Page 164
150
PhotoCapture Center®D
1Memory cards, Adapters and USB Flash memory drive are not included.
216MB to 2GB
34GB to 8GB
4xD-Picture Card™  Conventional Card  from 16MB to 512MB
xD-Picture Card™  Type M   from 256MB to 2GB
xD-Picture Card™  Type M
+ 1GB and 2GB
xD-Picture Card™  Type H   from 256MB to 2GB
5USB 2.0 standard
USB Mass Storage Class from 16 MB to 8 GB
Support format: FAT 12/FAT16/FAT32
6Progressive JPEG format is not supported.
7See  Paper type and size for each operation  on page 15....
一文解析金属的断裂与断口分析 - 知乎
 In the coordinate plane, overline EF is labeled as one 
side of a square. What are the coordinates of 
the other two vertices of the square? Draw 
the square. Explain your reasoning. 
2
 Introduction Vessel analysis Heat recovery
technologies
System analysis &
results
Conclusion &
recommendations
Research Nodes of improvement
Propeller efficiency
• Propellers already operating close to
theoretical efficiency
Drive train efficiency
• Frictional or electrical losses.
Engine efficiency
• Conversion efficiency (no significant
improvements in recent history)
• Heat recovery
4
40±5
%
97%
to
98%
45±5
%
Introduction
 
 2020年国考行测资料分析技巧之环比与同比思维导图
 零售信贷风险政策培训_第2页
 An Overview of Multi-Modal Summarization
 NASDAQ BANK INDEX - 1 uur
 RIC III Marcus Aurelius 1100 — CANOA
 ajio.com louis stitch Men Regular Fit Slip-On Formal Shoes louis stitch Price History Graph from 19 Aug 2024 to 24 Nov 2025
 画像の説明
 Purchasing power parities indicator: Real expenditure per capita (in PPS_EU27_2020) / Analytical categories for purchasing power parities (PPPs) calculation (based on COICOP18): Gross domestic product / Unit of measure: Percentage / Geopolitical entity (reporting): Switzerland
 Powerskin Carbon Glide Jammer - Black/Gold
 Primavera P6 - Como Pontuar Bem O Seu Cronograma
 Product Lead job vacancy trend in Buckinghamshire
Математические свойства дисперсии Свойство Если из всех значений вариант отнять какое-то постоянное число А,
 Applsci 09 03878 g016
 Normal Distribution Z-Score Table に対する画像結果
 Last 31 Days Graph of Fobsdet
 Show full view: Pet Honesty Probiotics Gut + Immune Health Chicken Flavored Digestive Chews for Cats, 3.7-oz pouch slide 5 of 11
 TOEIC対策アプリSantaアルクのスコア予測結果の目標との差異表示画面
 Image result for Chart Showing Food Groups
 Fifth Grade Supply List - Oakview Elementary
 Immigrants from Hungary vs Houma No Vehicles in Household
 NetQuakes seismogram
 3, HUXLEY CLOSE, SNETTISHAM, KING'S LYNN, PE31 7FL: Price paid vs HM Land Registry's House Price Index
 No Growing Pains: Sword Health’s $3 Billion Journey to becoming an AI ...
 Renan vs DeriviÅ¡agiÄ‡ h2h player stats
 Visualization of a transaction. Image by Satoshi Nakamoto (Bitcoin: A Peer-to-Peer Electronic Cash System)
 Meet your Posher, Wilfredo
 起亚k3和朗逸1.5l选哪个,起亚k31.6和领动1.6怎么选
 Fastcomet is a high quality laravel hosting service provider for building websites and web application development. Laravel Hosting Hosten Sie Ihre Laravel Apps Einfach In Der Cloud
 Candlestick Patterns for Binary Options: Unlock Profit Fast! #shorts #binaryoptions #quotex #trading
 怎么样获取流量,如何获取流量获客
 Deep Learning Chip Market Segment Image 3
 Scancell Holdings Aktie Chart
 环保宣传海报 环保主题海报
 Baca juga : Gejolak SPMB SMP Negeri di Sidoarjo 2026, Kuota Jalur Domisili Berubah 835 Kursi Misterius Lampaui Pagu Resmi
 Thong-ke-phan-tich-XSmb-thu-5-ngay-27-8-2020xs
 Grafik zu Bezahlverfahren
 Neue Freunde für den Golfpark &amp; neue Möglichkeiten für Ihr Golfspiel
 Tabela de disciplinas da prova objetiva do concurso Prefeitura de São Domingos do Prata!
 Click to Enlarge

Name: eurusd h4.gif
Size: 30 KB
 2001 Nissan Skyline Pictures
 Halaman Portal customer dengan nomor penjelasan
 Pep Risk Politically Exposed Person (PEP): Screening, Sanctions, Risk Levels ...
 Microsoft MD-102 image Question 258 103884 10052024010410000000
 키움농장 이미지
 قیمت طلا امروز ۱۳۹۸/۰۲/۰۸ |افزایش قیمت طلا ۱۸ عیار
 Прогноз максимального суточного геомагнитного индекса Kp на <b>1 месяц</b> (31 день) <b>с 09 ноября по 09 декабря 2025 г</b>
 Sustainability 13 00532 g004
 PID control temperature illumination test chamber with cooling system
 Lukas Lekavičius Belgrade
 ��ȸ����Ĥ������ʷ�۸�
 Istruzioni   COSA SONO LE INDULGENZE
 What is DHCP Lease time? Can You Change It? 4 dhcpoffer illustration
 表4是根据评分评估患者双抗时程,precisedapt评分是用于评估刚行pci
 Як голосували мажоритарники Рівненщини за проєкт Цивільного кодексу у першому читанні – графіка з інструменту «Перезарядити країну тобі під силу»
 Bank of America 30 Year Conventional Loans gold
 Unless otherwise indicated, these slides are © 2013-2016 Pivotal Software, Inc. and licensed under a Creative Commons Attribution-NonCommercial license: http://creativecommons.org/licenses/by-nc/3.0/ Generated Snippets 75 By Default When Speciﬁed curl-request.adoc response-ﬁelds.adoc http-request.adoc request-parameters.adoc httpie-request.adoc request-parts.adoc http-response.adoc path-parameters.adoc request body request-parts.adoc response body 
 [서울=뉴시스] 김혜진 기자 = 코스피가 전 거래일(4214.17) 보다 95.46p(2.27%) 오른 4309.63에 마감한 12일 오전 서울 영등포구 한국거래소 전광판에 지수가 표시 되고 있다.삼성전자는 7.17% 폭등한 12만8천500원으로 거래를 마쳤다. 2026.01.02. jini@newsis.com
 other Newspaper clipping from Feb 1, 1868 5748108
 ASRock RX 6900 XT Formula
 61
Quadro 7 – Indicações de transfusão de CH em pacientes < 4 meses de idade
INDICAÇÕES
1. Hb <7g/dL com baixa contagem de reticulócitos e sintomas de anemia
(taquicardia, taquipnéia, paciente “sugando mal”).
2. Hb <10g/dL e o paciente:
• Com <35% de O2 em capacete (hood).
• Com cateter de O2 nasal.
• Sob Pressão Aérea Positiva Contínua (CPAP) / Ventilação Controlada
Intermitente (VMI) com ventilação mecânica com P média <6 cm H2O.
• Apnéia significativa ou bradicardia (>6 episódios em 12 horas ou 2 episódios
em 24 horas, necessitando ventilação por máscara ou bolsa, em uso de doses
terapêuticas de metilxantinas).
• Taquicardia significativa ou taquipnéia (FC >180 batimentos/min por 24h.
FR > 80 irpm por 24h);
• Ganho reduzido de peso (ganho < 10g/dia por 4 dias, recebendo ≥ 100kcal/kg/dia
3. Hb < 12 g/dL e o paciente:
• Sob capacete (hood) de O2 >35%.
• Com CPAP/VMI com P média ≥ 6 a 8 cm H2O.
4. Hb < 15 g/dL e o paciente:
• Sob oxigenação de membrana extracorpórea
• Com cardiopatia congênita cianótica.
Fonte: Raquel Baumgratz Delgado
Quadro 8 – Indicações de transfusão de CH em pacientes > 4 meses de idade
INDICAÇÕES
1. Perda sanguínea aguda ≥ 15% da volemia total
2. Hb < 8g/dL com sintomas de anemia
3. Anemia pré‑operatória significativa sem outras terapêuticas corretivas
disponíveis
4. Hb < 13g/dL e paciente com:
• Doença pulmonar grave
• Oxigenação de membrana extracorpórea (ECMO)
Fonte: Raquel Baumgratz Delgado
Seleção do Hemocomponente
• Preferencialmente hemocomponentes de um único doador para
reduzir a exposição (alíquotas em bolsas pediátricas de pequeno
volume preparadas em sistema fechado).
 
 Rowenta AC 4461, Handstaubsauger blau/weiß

(The task)
In the listing above, locate the line containing "Tabela de disciplinas" and the line containing "SONO LE INDULGENZE", then transcribe both and every line between them verbatim.

(Completed task)
 Tabela de disciplinas da prova objetiva do concurso Prefeitura de São Domingos do Prata!
 Click to Enlarge

Name: eurusd h4.gif
Size: 30 KB
 2001 Nissan Skyline Pictures
 Halaman Portal customer dengan nomor penjelasan
 Pep Risk Politically Exposed Person (PEP): Screening, Sanctions, Risk Levels ...
 Microsoft MD-102 image Question 258 103884 10052024010410000000
 키움농장 이미지
 قیمت طلا امروز ۱۳۹۸/۰۲/۰۸ |افزایش قیمت طلا ۱۸ عیار
 Прогноз максимального суточного геомагнитного индекса Kp на <b>1 месяц</b> (31 день) <b>с 09 ноября по 09 декабря 2025 г</b>
 Sustainability 13 00532 g004
 PID control temperature illumination test chamber with cooling system
 Lukas Lekavičius Belgrade
 ��ȸ����Ĥ������ʷ�۸�
 Istruzioni   COSA SONO LE INDULGENZE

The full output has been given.